Investors were highly anticipating Wednesday’s release of the minutes from the Fed’s January meeting, to learn more about how the Fed plans to address inflation.
Rising inflation is critical to monitor because it can have a big impact on Mortgage Bonds and home loan rates.
News on housing, inflation and the minutes from the Fed’s latest meeting all made headlines, while investors were also closely watching the news surrounding Russia and Ukraine.
Sales of existing homes were up 6.7% in January, coming in much stronger than estimates of a 4% drop and reflecting the big demand for homes that remains around the country. But the real story was the inventory shortage. There were only 860,000 homes for sale at the end of January, which is another record low and down from December’s reading of 910,000. Inventory was 16.5% lower than January 2021 and a completely different picture compared to the bubble-like conditions we saw in 2007 when there were 3.7 million homes for sale.
The high demand for homes has also kept builders confident even in the face of higher building material costs and the lack of skilled labor. Though builder confidence fell 1 point to 82 in February per the National Association of Home Builders Housing Market Index, any reading over 50 on this index (which runs from 0 to 100) signals expansion. So, confidence remains at a strong level despite the slight decline.
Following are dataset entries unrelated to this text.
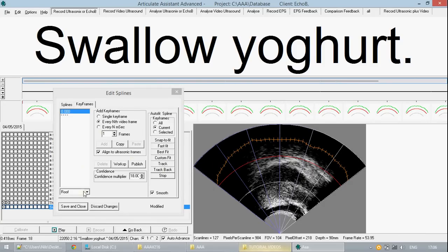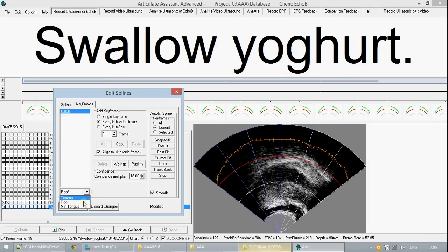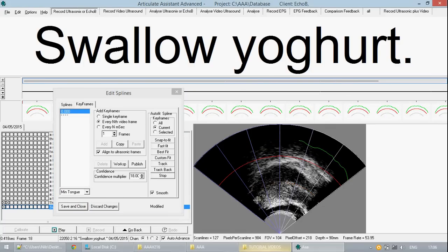The roof contour will define the upper boundary for when we are in future using the automatic tracking fitting for the tongue boundary. MinTongue is similar at the lower boundary.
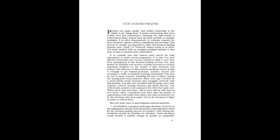Stop analysis paralysis. Perhaps one major quality that defines leadership is the ability to get things done. A leader understands that mere activity isn't real achievement. Attaining the right results is achievement. Many leaders have the fatal problem of analysis paralysis. It is often demonstrated by constant requests for more statistics, reports, studies, evaluations and meetings. This process is usually accompanied by little real decision making because more study or research always needs to be done. The myth involved with an analysis paralysis mindset is that mere activity is equated with achievement.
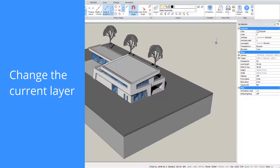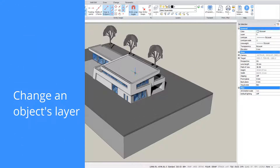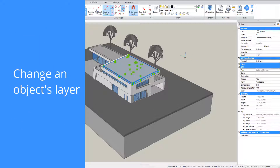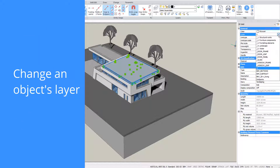The current layer is displayed in the Properties panel when nothing is selected. To move an object to another layer, select it and change its layer in the Properties panel.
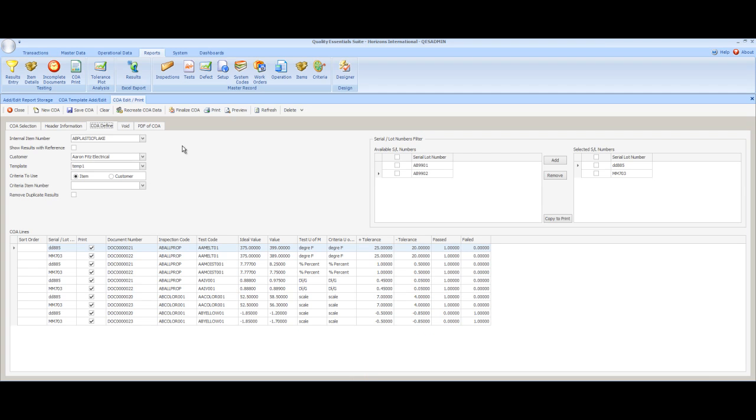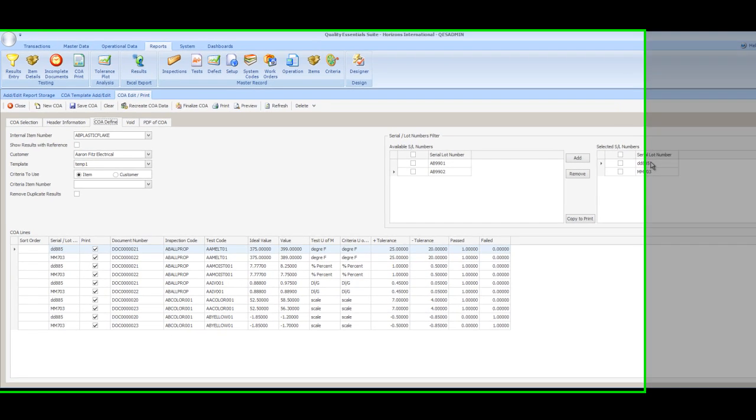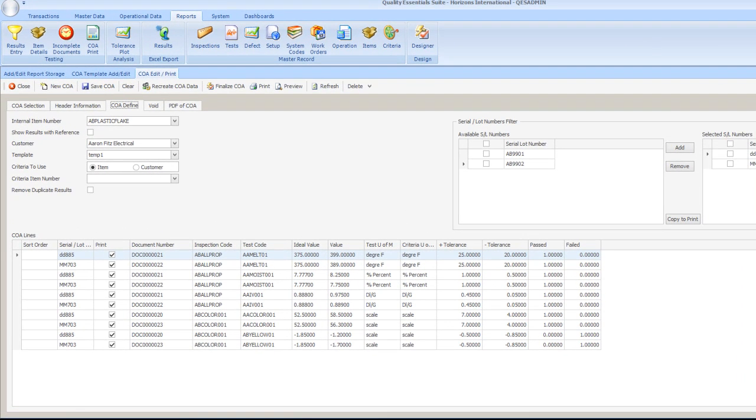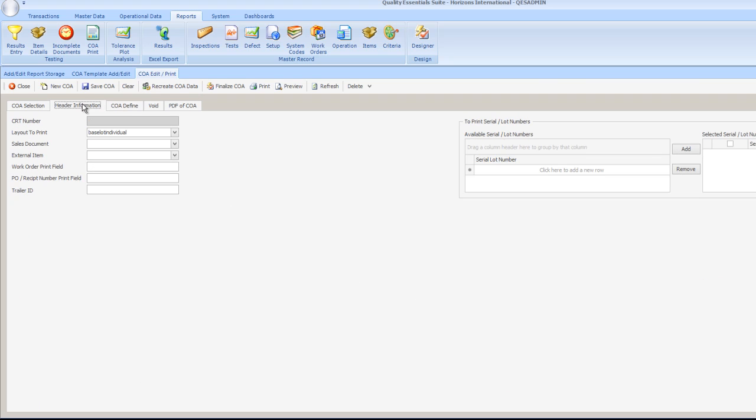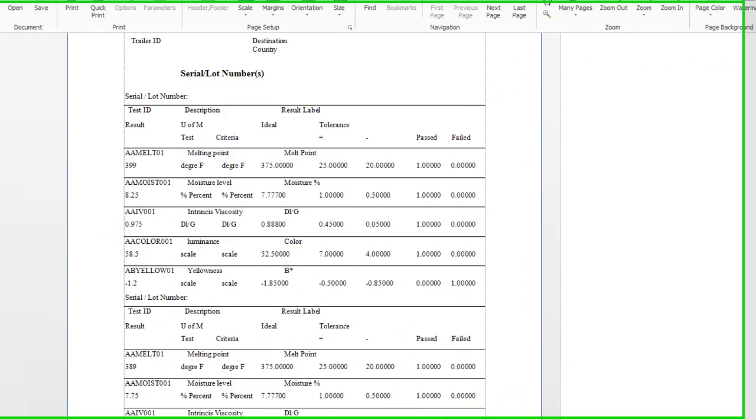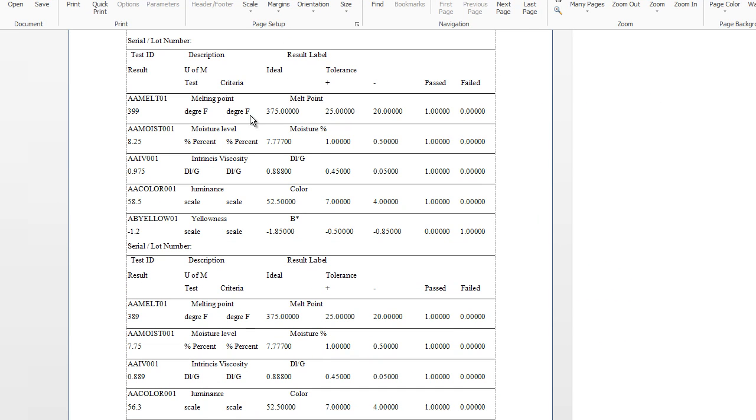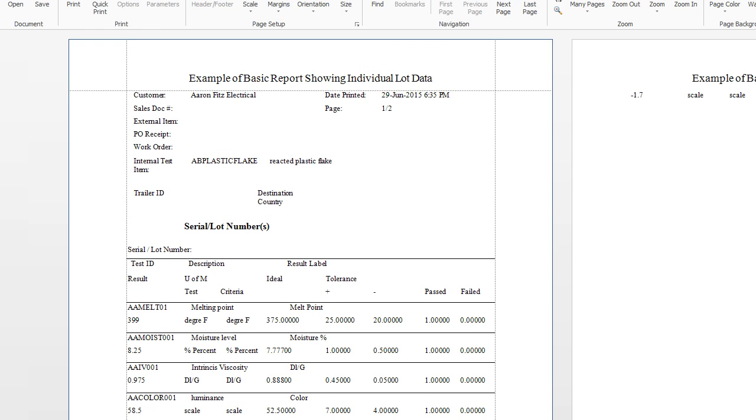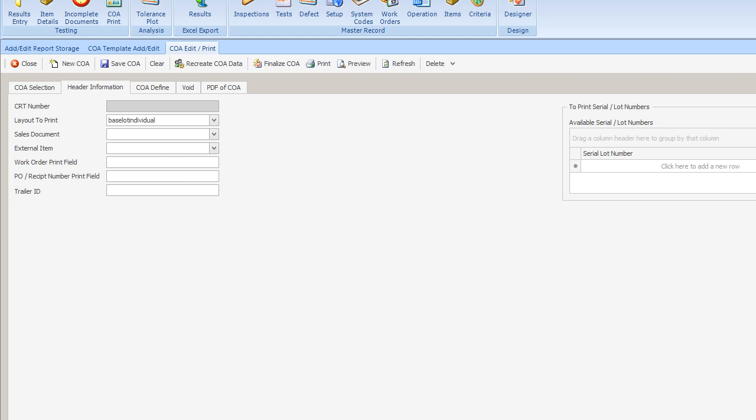In our next circumstance, the customer is actually being shipped material from two lots. We have selected both the DD-885 and the MM-703 lots and again searched our database using Recreate COA Data to find all of the results that are related to these two lots. In the header information form, we have selected the report format that's based on individual lots. Our preview will show that what is actually being displayed on the report is the detailed information for each lot. We see the melt for lot 1, the melt for lot 2, the moisture for lot 1, the moisture for lot 2, and so on. Again, this is a generic report and the end user can modify it, add boilerplate and graphics.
Meanwhile, Housing Starts, which measure the start of construction on homes, fell by 4.1% in January. Starts for single-family homes also declined. On the positive front, Building Permits, which are a good forward-looking indicator for Housing Starts, increased. However, one of the main takeaways is that the backlog of homes continues to grow. Homes authorized but not yet started were up 37.3% year over year.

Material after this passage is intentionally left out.